I hope you are having a good day.
I'm trying to scrape Trustpilot-reviews in the sports-section.
I want four columns with number of reviews, trustscore, subcategories and companynames. There are 43 pages it should iterate over, with 20 companies in each page. After an iteration the data should be placed underneath the previous data. This can be cleaned up afterwards using filtering though.

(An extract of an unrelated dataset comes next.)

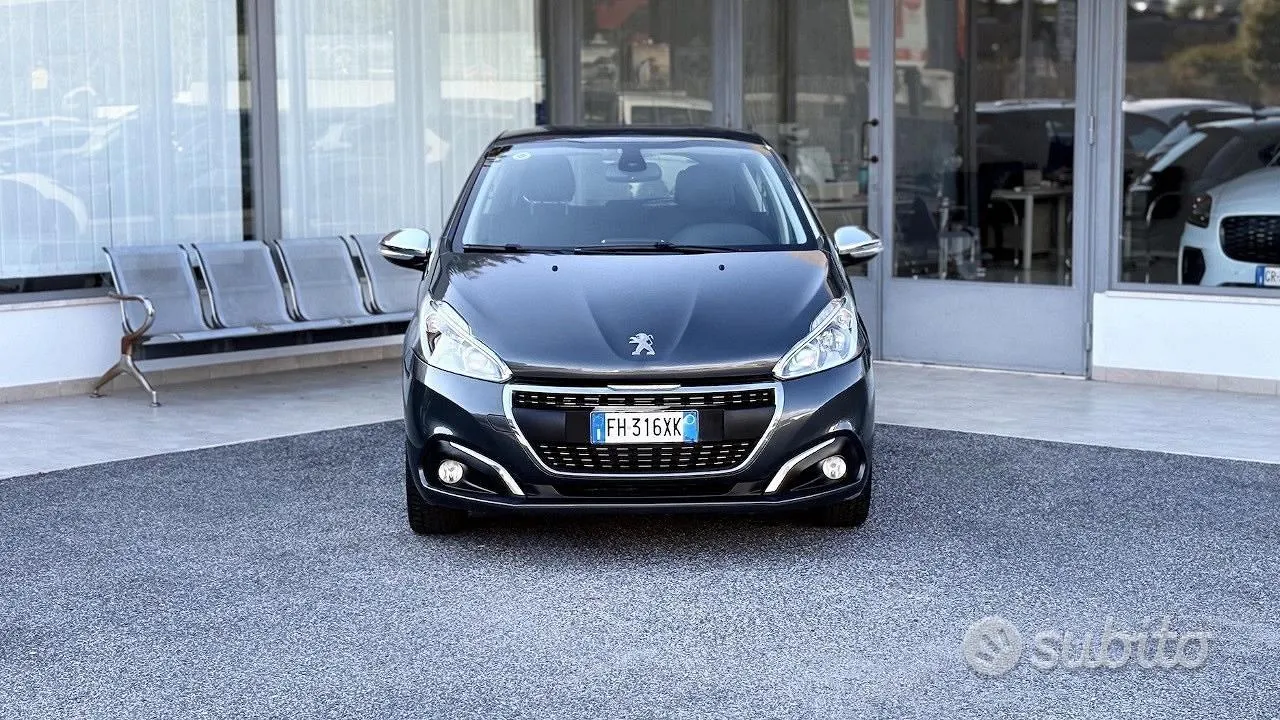 Peugeot 208 2017 photo 2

The important part, and what I suspect is my problem is getting everything put together at the end.
The code as-is produce the error "Error in .subset2(x, i, exact = exact) : subscript out of bounds"
If you know anything about this, some pointers on how the code can be corrected would be appreciated.
Here is the code I'm having trouble with:
Trustpilot_company_data <- data.frame()
page_urls = sprintf('https://dk.trustpilot.com/categories/sports?page=%s&status=all', 2:43)
page_urls = c(page_urls, 'https://dk.trustpilot.com/categories/sports?status=all')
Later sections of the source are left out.